Simon Kuznets was an economist who invented the concept of GDP in the 1930s. His intention was to provide a single, easy-to-understand number that could gauge the size of an economy. The video mentions Kuznets as the creator of GDP, indicating that the metric was never intended for the broad and impactful uses it has today.

💡GDP per capita

GDP per capita is calculated by dividing a country's total GDP by its population. It is often used as a measure of individual economic well-being within a country. The video points out that while it is a common measure, it can be misleading because it does not account for wealth distribution, giving a skewed view of the average citizen's economic situation.

💡Well-being

Well-being in the context of the video refers to the overall quality of life and happiness experienced by individuals within a country. It is the broader concept that GDP and other metrics attempt to measure. The video discusses the limitations of GDP in capturing well-being, suggesting that it does not consider factors such as health, education, and environmental sustainability.

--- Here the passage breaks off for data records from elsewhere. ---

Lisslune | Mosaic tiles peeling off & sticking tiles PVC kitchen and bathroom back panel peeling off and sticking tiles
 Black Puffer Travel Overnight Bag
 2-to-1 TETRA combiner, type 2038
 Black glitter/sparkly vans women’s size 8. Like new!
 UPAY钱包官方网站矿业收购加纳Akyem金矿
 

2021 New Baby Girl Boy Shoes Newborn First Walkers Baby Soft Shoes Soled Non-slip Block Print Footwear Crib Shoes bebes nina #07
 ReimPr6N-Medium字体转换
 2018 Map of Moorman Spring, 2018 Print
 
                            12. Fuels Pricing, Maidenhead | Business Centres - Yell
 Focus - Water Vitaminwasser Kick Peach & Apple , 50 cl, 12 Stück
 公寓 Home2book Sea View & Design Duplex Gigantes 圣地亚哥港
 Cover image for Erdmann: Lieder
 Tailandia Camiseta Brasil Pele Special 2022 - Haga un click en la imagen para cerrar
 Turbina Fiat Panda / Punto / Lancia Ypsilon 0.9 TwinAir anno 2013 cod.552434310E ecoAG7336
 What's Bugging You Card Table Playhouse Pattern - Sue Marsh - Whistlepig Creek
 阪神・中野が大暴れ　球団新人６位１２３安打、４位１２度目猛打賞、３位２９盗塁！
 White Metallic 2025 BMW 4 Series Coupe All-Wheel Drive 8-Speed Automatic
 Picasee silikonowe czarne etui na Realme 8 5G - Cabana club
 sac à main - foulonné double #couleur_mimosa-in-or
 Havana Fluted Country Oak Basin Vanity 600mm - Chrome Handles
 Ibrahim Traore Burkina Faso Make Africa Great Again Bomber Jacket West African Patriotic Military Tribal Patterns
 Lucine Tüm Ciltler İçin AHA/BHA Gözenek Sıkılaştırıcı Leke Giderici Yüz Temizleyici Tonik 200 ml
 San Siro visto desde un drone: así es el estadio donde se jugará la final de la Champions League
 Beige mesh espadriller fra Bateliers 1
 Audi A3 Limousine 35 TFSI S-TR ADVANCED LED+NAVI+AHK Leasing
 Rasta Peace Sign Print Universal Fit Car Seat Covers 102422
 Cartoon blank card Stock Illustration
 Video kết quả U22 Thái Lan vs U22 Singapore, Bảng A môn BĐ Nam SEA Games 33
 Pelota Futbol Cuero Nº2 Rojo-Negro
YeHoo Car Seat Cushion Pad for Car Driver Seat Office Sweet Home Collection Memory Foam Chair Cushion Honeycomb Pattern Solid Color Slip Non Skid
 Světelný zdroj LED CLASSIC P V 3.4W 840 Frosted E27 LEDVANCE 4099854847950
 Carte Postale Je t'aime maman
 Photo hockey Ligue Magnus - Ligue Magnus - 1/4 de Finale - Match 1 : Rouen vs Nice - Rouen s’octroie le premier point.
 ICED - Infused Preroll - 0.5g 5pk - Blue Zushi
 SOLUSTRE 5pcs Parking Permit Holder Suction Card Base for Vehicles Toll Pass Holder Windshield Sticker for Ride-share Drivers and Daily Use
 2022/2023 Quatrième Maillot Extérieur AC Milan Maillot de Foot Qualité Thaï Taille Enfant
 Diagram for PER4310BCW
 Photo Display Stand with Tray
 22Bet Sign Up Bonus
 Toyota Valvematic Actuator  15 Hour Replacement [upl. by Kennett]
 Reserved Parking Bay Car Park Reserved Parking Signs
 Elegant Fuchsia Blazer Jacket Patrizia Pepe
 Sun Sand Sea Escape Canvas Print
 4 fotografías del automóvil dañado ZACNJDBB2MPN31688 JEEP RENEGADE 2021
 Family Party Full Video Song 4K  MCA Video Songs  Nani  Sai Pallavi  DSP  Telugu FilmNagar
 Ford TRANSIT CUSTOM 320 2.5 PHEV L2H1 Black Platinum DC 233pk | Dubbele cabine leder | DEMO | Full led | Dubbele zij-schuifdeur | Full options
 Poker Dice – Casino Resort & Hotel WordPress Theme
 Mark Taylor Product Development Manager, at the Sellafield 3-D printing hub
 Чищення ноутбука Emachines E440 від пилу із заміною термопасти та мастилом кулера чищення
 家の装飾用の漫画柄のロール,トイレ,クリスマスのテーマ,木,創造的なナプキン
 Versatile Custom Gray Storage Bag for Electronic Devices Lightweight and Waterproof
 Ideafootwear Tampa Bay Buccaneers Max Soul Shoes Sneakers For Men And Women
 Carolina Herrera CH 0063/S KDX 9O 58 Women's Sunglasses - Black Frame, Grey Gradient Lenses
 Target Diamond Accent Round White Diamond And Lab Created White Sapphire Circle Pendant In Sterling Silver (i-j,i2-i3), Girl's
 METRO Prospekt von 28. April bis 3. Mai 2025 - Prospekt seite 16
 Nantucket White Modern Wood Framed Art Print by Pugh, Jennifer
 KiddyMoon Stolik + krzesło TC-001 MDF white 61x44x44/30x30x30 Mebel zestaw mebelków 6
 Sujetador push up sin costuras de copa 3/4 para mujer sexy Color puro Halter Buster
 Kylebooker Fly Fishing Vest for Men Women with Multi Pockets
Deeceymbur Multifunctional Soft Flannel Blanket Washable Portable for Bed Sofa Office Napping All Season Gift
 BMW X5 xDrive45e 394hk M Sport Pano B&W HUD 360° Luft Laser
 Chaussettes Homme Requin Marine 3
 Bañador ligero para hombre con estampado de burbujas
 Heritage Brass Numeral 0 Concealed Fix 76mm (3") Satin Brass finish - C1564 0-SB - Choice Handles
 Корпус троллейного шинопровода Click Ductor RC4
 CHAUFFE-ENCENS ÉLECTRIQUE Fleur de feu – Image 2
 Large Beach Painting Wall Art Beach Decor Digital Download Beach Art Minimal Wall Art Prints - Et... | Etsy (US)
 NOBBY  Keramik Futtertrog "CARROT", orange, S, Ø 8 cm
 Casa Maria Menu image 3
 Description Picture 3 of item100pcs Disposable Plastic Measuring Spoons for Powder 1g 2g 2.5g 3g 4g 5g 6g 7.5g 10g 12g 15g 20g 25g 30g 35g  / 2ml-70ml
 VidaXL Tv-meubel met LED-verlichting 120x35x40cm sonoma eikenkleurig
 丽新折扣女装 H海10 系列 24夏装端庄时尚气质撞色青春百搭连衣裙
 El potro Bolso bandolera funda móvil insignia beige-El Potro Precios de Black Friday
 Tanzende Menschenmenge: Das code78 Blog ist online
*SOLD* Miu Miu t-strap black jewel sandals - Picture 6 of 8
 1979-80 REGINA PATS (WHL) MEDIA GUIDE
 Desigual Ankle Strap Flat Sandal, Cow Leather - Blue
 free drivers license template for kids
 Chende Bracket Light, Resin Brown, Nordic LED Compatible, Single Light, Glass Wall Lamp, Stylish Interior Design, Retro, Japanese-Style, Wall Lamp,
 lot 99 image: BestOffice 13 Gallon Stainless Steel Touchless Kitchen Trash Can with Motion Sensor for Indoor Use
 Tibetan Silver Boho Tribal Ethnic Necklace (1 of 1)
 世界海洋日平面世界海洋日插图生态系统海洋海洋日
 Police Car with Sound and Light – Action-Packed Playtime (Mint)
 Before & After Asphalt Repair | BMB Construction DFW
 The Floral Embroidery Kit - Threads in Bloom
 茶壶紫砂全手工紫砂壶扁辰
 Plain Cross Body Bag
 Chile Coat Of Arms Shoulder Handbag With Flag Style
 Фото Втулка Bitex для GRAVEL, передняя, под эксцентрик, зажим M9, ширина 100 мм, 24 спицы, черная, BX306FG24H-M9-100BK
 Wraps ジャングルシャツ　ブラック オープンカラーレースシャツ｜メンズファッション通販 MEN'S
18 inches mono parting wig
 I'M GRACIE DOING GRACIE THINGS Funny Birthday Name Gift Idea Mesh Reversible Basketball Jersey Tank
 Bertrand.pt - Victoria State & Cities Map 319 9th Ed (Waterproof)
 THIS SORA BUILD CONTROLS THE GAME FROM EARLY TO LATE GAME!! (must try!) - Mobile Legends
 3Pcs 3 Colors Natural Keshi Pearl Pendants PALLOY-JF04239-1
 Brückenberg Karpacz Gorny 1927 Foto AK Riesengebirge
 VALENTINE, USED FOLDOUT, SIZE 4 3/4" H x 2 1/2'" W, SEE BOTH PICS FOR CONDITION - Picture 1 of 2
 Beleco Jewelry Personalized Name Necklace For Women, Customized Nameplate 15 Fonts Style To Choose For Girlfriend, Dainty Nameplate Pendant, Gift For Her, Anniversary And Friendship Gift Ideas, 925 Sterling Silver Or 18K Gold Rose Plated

💡Gross National Happiness (GNH)

GNH is an alternative metric to GDP, proposed by King Jigme Singye Wangchuk of Bhutan in 1972. It aims to measure the happiness and well-being of a country's citizens by taking into account factors like health, education, and community strength. The video presents GNH as a more holistic approach to assessing a nation's prosperity, moving beyond just economic output.

💡Human Development Index (HDI)

The HDI is a composite index that measures key dimensions of human development, including health, education, and income per capita. The video mentions HDI as a more widely used metric that attempts to provide a more comprehensive view of well-being than GDP alone, by incorporating factors that contribute to a good life.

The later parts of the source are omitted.